If the hypothetical article I mentioned where to be made, it would imply that those who don't meet the stereotype are the minority within their own group.
Sure they were. It's not like they made it very clear who they were talking about and that who they were talking about was not "all gamers" or anything. Nope, the thing that fuels the endless and righteous fury of the offended best is what actually happened.
I'm not going to pretend they where attacking all gamers, but let's also not pretend that they where not attacking the idea of being a "gamer" or that they did not imply that all the people who where part of the group they where insulting where straight white men in defiance of all the evidence both before and since which show that not to be the case, or that said diverse group did not make up a disproportionately large part of their reader base.
Tell me, why is it so difficult for people to even acknowledge that something is potentially offensive if they aren't personally offended by it? It's very easy to see why a joke about a man taking a woman to bed and freaking out when she "turned out a man" (pretty much transpanic in a nutshell) might be offensive, not least because it can be taken as calling a transwoman a man. Now I know lots of people love going on about that being based on the assumption that they were a transwoman, but considering all the alternatives (he was drunk! and they were an effeminate crossdresser!) are equally based on assumptions, that's not that convincing of a point.
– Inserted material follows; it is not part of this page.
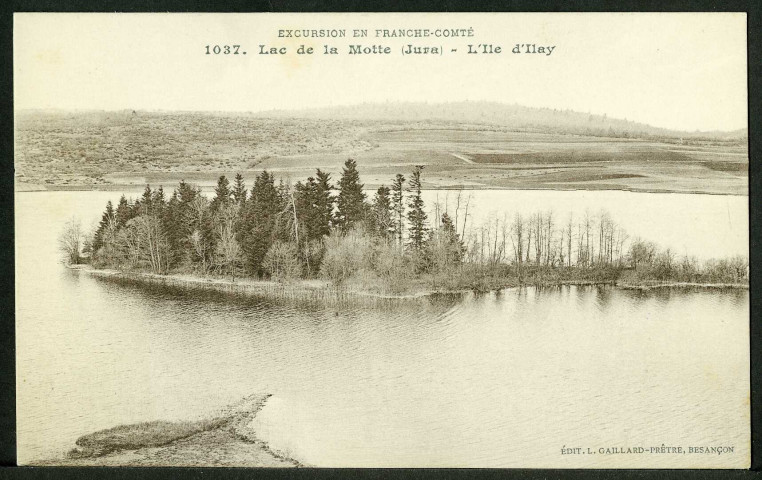 Lac de la Motte (Jura). L'île d'Ilay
Why is it so difficult? Because in this specific case the leaps in logic and the degree one must bend over backwards to take offence to the joke which doesn't even reference transpeople, and that the person who could be interpreted as being trans was insulted or the butt of the joke, one really has to wonder if most of the people insulted at the joke even looked at it due to the only person being made fun of was a guy who couldn't handle the idea of sleeping with a man.
It's a simple joke, it's an old joke, it's been around for quite some time, and yet this is the first time someone takes offence to it? And someone with a history of trying to start flamewars over nothing? Too many things seem to line up with this just being an artificial nontroversy.